PARIS (Sputnik) — Former Lebanese Prime Minister Saad Hariri, who announced his shock resignation earlier in November, has arrived in France on Saturday at the invitation of French President Emmanuel Macron.
"With regard to the political situation in Lebanon, I will go to Beirut in the coming days, I will participate in the independence celebrations, and it is there that I will make known my position on these subjects after meeting President [Michel] Aoun," Hariri said after holding talks with Macron.
French authorities could host an international meeting in Paris in support of Lebanon, a source in the Elysee Palace told reporters Saturday after Macron's talks with Hariri.
"Our task is to do everything to ensure Lebanon's stability. For this purpose, the [French] president has been in constant direct contact with the leaders of Lebanon, Saudi Arabia and other countries of the region during the past weeks," the source stressed.
France's Role in Region
Nicolas Dot-Pouillard, a researcher at the French Institute of Middle East (IFPO) think tank, has told Sputnik that France’s eagerness to act as a mediator in the Lebanese crisis was not surprising, given the country’s historical ties to the region.
“France’s role in the region is firstly due to its historical power through the Mandate for Syria and Lebanon … So in this regard it is not surprising that it is attempting to mediate in the situation around Saad Hariri,” Dot-Pouillard said.
The French Mandate for Syria and the Lebanon was handed to France by the League of Nations after World War I during the partitioning of the Ottoman Empire after its defeat. The mandate over Lebanon lasted until 1943, while Syria attained independence in 1946.
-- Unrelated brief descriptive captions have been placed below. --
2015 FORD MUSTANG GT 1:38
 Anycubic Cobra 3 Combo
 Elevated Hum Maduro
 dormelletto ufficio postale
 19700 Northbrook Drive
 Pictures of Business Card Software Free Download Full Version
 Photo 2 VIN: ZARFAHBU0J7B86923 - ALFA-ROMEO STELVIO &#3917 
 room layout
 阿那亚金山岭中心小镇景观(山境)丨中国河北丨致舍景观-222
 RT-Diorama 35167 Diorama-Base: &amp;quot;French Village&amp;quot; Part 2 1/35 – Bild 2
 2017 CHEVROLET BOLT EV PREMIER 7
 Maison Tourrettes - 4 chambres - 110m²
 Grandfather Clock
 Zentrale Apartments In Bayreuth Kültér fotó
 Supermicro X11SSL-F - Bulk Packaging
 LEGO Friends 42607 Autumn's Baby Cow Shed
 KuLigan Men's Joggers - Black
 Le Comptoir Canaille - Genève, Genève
At the moment, certain actors, in particular Russia and the United States, are actively engaged in the region’s affairs. The expert noted that the crisis, caused by Hariri’s unexpected resignation, was a chance for France to also gain a stronger position at the geopolitical level.
“France is trying to set foot in the region at a moment when other countries are also very active … France is trying to have a diplomatic comeback, by saying that it can act as a mediator and by doing so is making a political bet,” Dot-Pouillard said.
According to Jean-Paul Chagnollaud, the director of the Institute of research and studies on the Mediterranean and the Middle East (iReMMO) think tank, even though France’s political means were too limited to “have real influence,” it still could contribute to resolving the crisis.
“France has a military presence in Lebanon within the framework of UNIFIL [United Nations Interim Force in Lebanon]. The two countries also have a real cultural alliance. It might not mean much at the level of international relations, but if there is a political will on behalf of Paris, it still has the means to have some sort of influence, even though it cannot be compared to the capacity for action of Russia or the United States,” Chagnollaud said.
Lebanese President Michel Aoun has not recognized the resignation of Hariri, echoing Hezbollah leader Hassan Nasrallah’s concerns that the statement could have been made under pressure by the Saudi authorities, a claim denied by Riyadh. Chagnollaud noted that France could succeed as a mediator, since it had good relations with all the three countries involved in the crisis.
“I think France previews the risks, serious tensions, violence or even war that could happen there, and it tries to play a role of a mediator while recognizing the importance of Iran, which I think is very important … It [France] has very good relations with Saudi Arabia, but also with Lebanon… I think it is in the common interest to have a country like France act as a mediator in the Middle East,” the expert concluded.